Problems on hold
The date 28 October 2018 marked 13 months on the start of activity of the Cabinet-affiliated committee concerned with legalising the status of unlicensed churches in Egypt. Since then, the Cabinet Committee has approved the legalisation of 53 churches and church-affiliated community centres on 26 February 2018; 167 churches and affiliated buildings on 17 April 2018; and 120 others on 11 October 2018. The Prime Minister accordingly issued the legalisation decisions, provided the buildings met the conditions for structural soundness and civil defence requirements.
Simple arithmetic reveals that it took the Committee 13 months to look into 340 cases out of a total 3730 churches and church-affiliated buildings that had submitted applications for legalisation, backed by all the required documents, before the deadline of 28 September 2017. It must be stressed that all 3730 cases answered the conditions stipulated by the Law for Building and Restoring Churches that went into force on 28 September 2016. Their papers were accepted by the Cabinet Committee, meaning the applications would not be rejected; they needed only be looked into by the committee which should then approve their legalisation and pass on the approvals to the Prime Minister to issue the required decisions according to the law.
Last October’s legalisation of the third batch of unlicensed churches and affiliated buildings brought the total number of approvals to 340 out of 3730 cases seeking legalisation, that is 9 per cent of the total cases.

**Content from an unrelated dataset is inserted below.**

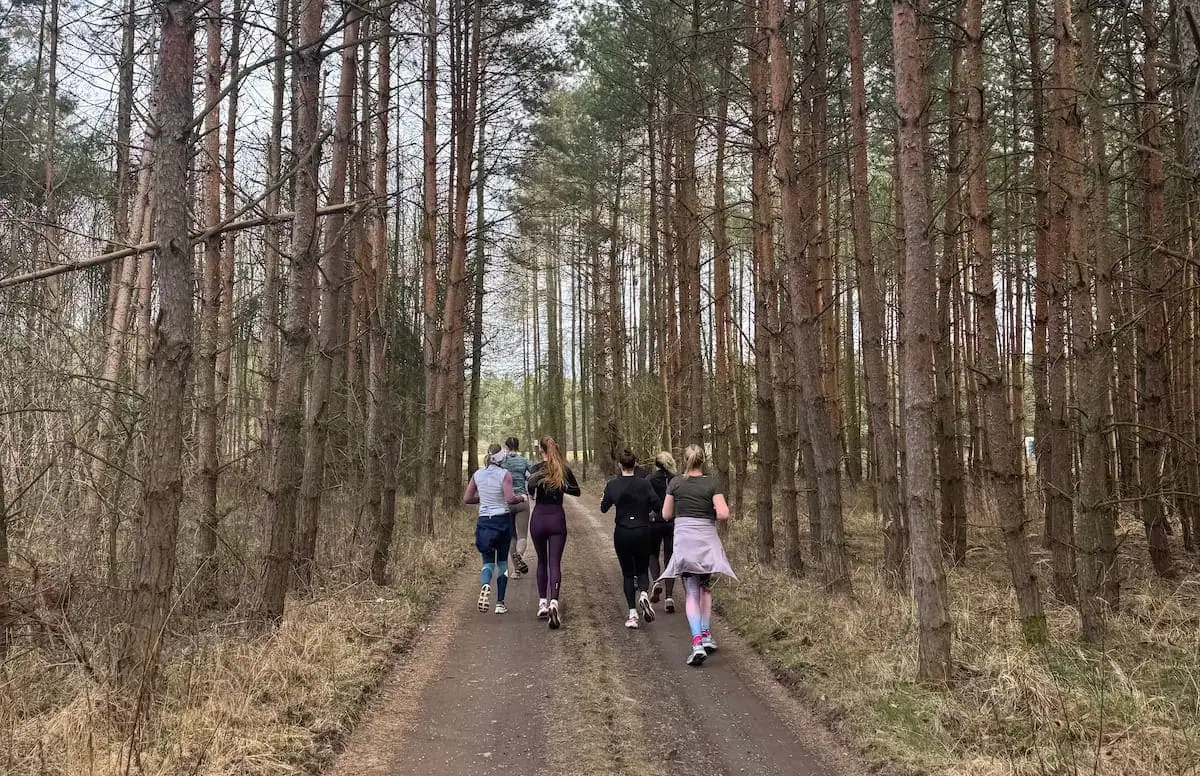 Skupina běžců trénuje na lesní cestě obklopené stromy.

At the same rate, it would take another 12 years for the committee to complete its work; a full 13 years to conclude its mission. Ironically, this in itself is progress, given that last August the committee had looked into 6 per cent of the cases, that is it needed 17 years to complete its mission.

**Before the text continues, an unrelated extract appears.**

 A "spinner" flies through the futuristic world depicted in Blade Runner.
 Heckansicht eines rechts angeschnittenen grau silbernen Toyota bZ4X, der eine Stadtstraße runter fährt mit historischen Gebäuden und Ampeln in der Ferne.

Some may criticise my opinion, saying: “Does nothing satisfy the Copts?” With all due appreciation of the effort of the Cabinet Committee which includes among its ranks elite high-ranking officials of sovereign authorities, I have strong reservations regarding the manner in which the spirit of the law is being served.
The Law for Building and Restoring Churches was mainly intended to ease the building of new churches and church-affiliated buildings, the restoration of existing ones, and the legalisation of unlicensed ones built before the law was passed. That was during what we term the ‘crisis era’, the long years when political and security conditions complicated the procedures of issuing licences for new churches. Those then in authority overlooked the freedom of worship stipulated by subsequent constitutions. They allowed Muslims to freely build mosques but prevented Christians from building churches. The outcome was that churches were built in secret, disguised as other architectural units, most commonly houses. These buildings continued to host prayers, religious rites and church services, all under the nose of the administration and security officials who chose to overlook their illegal status in order to be able to close them down at whim, under the pretext that they were illegal.
Now things have changed. Egypt went through a crisis following the Arab Spring upheaval on 25 January 2011, when Islamists attempted to steal her identity. But Egyptians, Muslim and Christian, some 30 million of them, took to the streets on 30 June 2013 to save Egypt. A new era dawned uniting Egyptians on grounds of citizenship alone. In 2014 a new Constitution was passed, granting all freedoms and paving the road for the legislation needed. Among such legislation was the Law for Building and Restoring Churches and Legalising the Status of Old Churches, the churches of the crisis era. Is it then acceptable to achieve this at tortoise pace? The slow pace constitutes injustice by all standards. It is unthinkable that current de-facto churches or church-affiliated buildings should wait another 13 years to acquire legitimacy.
There is definitely something the State could do to speed up the legalisation procedure. I fully understand and appreciate the huge responsibilities shouldered by the members of the Cabinet Committee, each in his own capacity in other State posts. It is not reasonable to assume they could free themselves up to carry the responsibilities of the Committee for Legalising Churches. It is thus necessary to establish an apparatus that would be able to fulfil that task in a reasonable time span.
I imagine it would take a presidential decision to form a subcommittee, with the necessary administrations, whose sole role would be to get this work done. Only then would legalisation be achieved at a speedier pace.